Clearly document your goals and assets
Documenting your goals for your estate and all your assets is an important step to making sure that should anything happen to either of you, settling your estate will be as easy as possible for the surviving spouse or partner. You may be fully aware of assets that are held jointly, but what about those assets that you or your significant other held before your relationship started?
It’s important to identify those assets now to help ensure they are all properly documented and updated. That way, the assets can be transferred or distributed to your chosen beneficiaries.

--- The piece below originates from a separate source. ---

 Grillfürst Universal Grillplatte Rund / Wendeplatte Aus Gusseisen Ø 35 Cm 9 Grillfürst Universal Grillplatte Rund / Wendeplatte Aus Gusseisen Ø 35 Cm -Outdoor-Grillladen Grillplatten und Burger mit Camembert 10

Then, at a minimum, document your wishes in a will. Having a will in place can help avoid having the distribution of your assets determined through probate. (Probate refers to a court-supervised proceeding that authenticates your will and approves your named executor.)
Create a health care directive
Another important planning step is detailing and documenting the kind of health care decisions you’d want made on your behalf in case you’re incapacitated. Messenger says you should also designate someone in a health care power of attorney document who can look out for your best interests if you’re unable to.
Periodically update all essential paperwork
Besides documenting your goals and assets, you should plan to review and update your paperwork on a regular basis.
- Health care power of attorney
- Durable power of attorney (for financial matters)
- Net worth statement
- Life insurance policies
- Workplace retirement accounts
- Family business documents
- Rental property
- Primary residence
- Assets minor children may have, such as a 529 plan to help pay for education, a trust, or a Roth IRA for kids
- Collectibles, fine art, jewelry, cryptocurrency
“It’s important that each partner maintain an updated net worth statement,” Lauer says. “Typically, whether you’re dealing with unmarried or married partners, there’s always one that has more financial information than the other. An updated net worth statement can help couples better understand how assets are titled as well as beneficiary designations.”
Communicate with family members
Lauer and Messenger agree that keeping family members in the loop can be essential for productive wealth transfer planning.
“Communication with family members is crucial both before and after you’ve created a plan,” Messenger says. That’s especially true if you’re hoping family members will fulfill particular roles in your plan.
“When you’re identifying them in your plan as agents, executors, or trustees, it’s important they know they’ve been named to those positions so there aren’t any surprises,” Lauer says. “If somebody is being named in a legal document, it’s important to ask them if that’s appropriate and to confirm that they want, or are willing, to serve in that capacity.”
Those with blended families and second marriages should keep in mind other unique circumstances that may need to be discussed and factored into your plan.
Get input from your advisors
Reviewing your plans with wealth, legal, and tax advisors can help you follow all the necessary steps, resolve potential issues and demystify the process.
- A wealth planner can help you identify your key wealth transfer goals and priorities.
- An estate planning attorney can help you make sure you have all the necessary estate planning documents in place and properly filled out.
- And a tax advisor can help to determine whether you’re minimizing any potential tax exposure for your estate.
Lauer says the rule of thumb is to review your estate plan every three to five years, or after any big life event, such as remarriage, divorce, moving to a different state, or when your children are no longer dependents. You may also want to review your plans depending on legislation changes — particularly if it impacts tax laws.